The Role of Solar Activity

At the front end of the climate cycle is the single largest source of energy which is put into the system, namely, the sun. And while great attention has been paid to most other aspects of climate, little attention has been paid to the sun’s role in the heating or cooling of the Earth. Several recent studies have highlighted this uncertainty, showing that solar variability may play a far larger role in the Earth’s climate than it was previously given credit for by the IPCC. If the sun has been heating up in recent times, researchers observe, the increased solar radiation could be responsible for up to half of the observed climate warming of the past century. Astrophysicist Sallie L. Baliunas attributes up to 71 percent of the observed climate warming of the past century to increased solar irradiance.

The Role of Clouds and Water Vapor

Between the emission of greenhouse gases and change in the climate are a range of climate and biological cycles (“feedbacks”) that can influence the end result.

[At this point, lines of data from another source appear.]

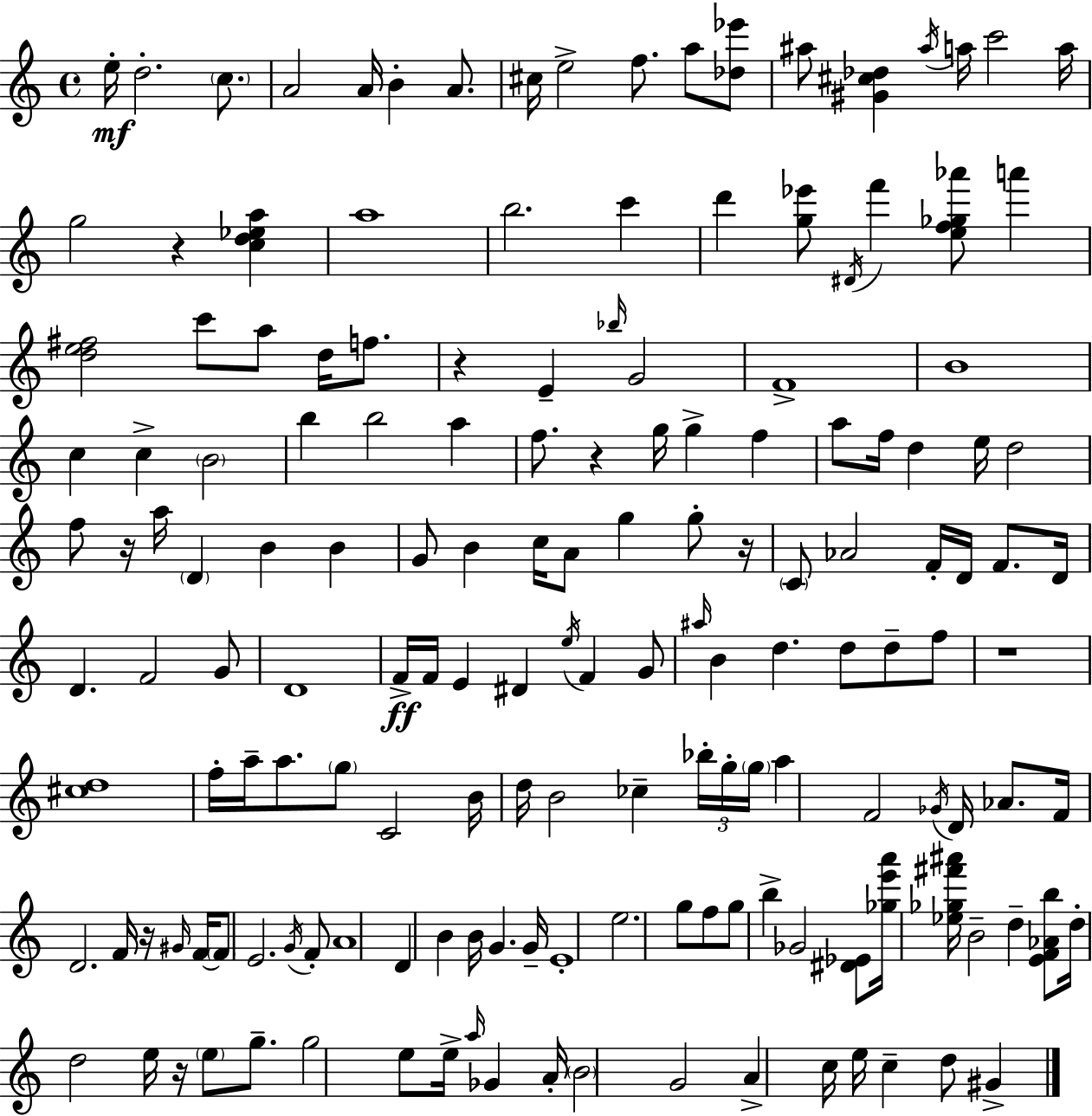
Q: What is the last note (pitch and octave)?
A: G#4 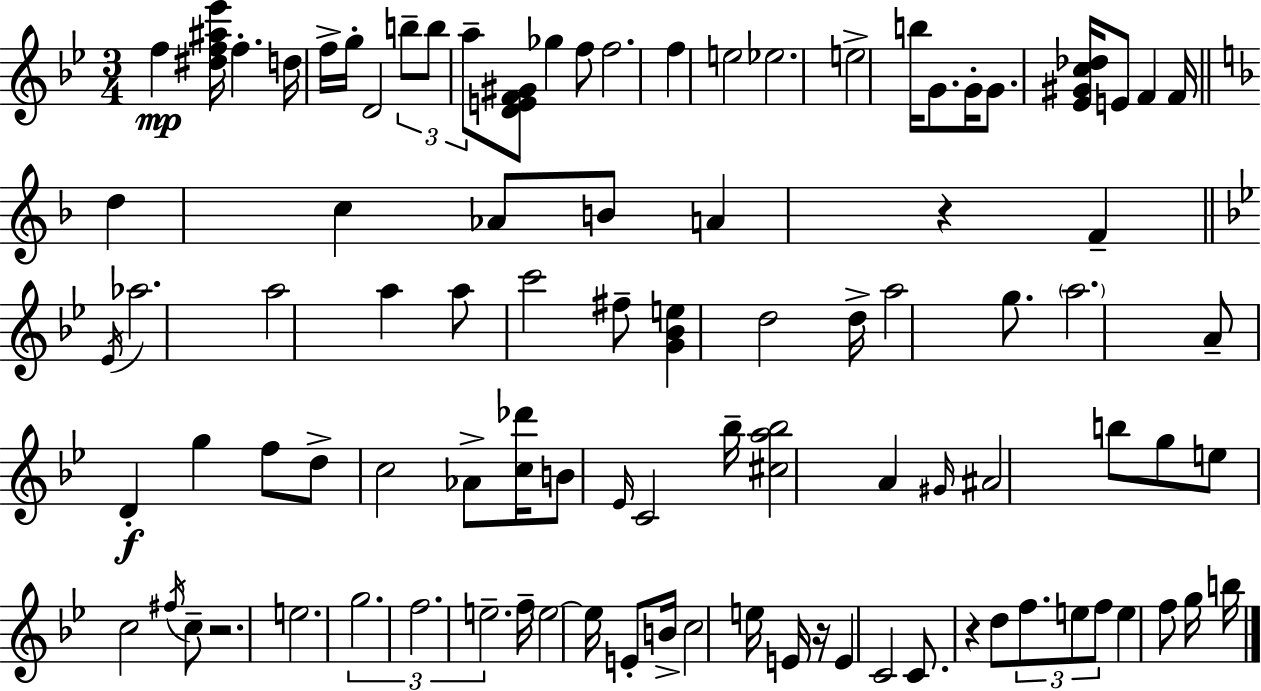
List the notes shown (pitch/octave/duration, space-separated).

F5/q [D#5,F5,A#5,Eb6]/s F5/q. D5/s F5/s G5/s D4/h B5/e B5/e A5/e [D4,E4,F4,G#4]/e Gb5/q F5/e F5/h. F5/q E5/h Eb5/h. E5/h B5/s G4/e. G4/s G4/e. [Eb4,G#4,C5,Db5]/s E4/e F4/q F4/s D5/q C5/q Ab4/e B4/e A4/q R/q F4/q Eb4/s Ab5/h. A5/h A5/q A5/e C6/h F#5/e [G4,Bb4,E5]/q D5/h D5/s A5/h G5/e. A5/h. A4/e D4/q G5/q F5/e D5/e C5/h Ab4/e [C5,Db6]/s B4/e Eb4/s C4/h Bb5/s [C#5,A5,Bb5]/h A4/q G#4/s A#4/h B5/e G5/e E5/e C5/h F#5/s C5/e R/h. E5/h. G5/h. F5/h. E5/h. F5/s E5/h E5/s E4/e B4/s C5/h E5/s E4/s R/s E4/q C4/h C4/e. R/q D5/e F5/e. E5/e F5/e E5/q F5/e G5/s B5/s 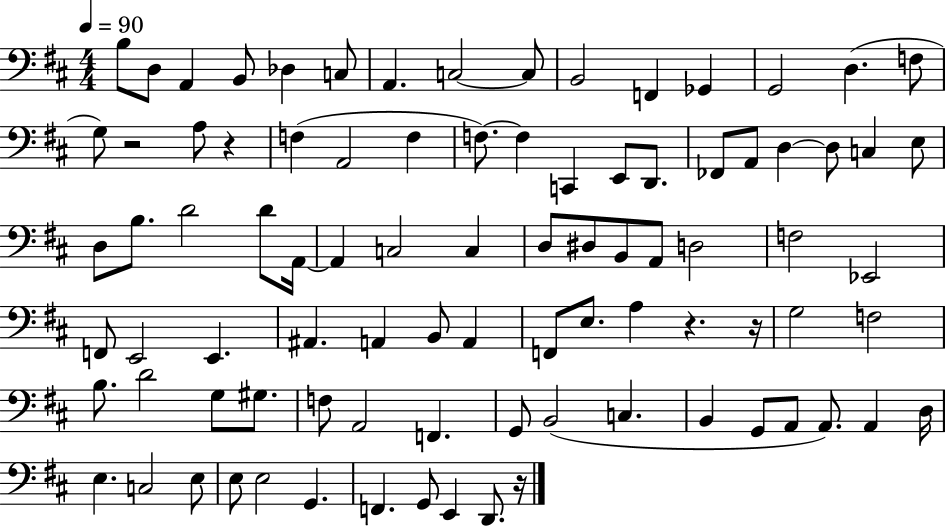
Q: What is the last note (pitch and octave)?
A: D2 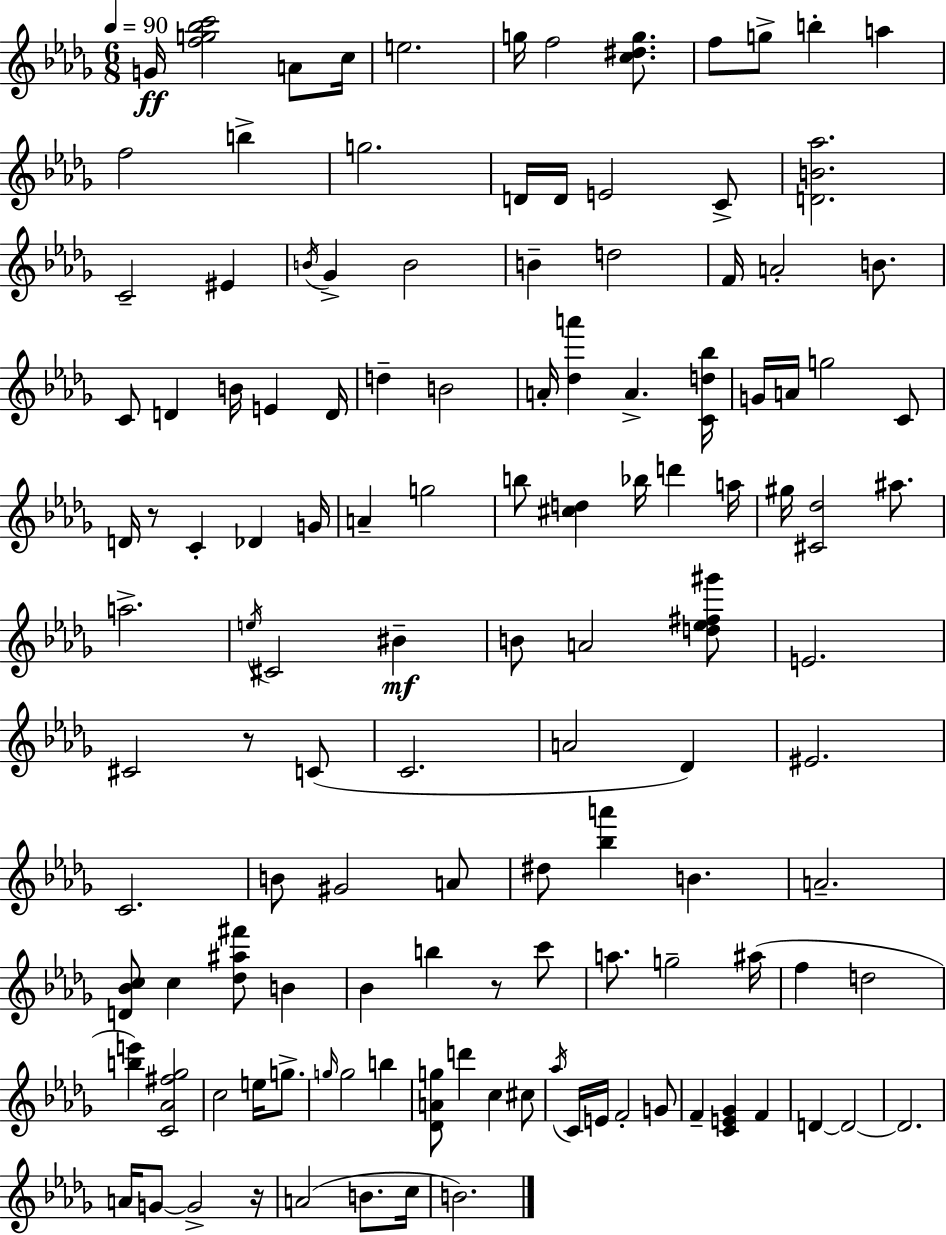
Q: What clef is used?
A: treble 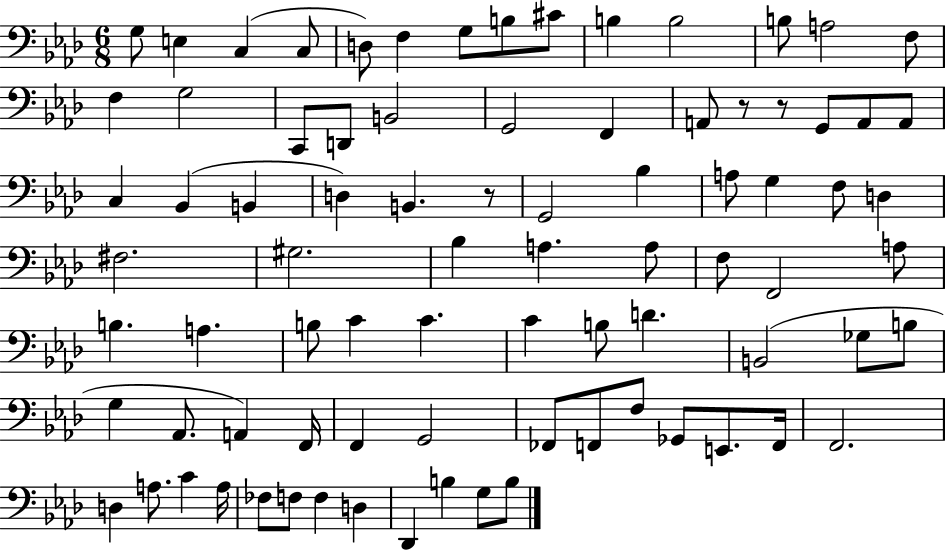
G3/e E3/q C3/q C3/e D3/e F3/q G3/e B3/e C#4/e B3/q B3/h B3/e A3/h F3/e F3/q G3/h C2/e D2/e B2/h G2/h F2/q A2/e R/e R/e G2/e A2/e A2/e C3/q Bb2/q B2/q D3/q B2/q. R/e G2/h Bb3/q A3/e G3/q F3/e D3/q F#3/h. G#3/h. Bb3/q A3/q. A3/e F3/e F2/h A3/e B3/q. A3/q. B3/e C4/q C4/q. C4/q B3/e D4/q. B2/h Gb3/e B3/e G3/q Ab2/e. A2/q F2/s F2/q G2/h FES2/e F2/e F3/e Gb2/e E2/e. F2/s F2/h. D3/q A3/e. C4/q A3/s FES3/e F3/e F3/q D3/q Db2/q B3/q G3/e B3/e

One such feedback is the influence of clouds, and water vapor. As the IPCC acknowledges: “the single largest uncertainty in determining the climate sensitivity to either natural or anthropogenic [or “manmade”] changes are clouds and their effects on radiation and their role in the hydrological cycle…At the present time, weaknesses in the parameterization of cloud formation and dissipation are probably the main impediment to improvements in the simulation of cloud effects on climate.”

Conclusion

Supporters of the Kyoto protocol wish to portray the scientific understanding of climate change as high, the uncertainties as low, and the need to reduce greenhouse gases as urgent. But a review of the science suggests that uncertainty is so high as to raise a good prospect that mandatory greenhouse gas reductions will produce little or no environmental benefit. Meanwhile, a review of the economic literature suggests that greenhouse gas mandates hold the potential for inflicting massive economic harm, while it is economic productivity that lets us afford to protect our environment and health in the first place.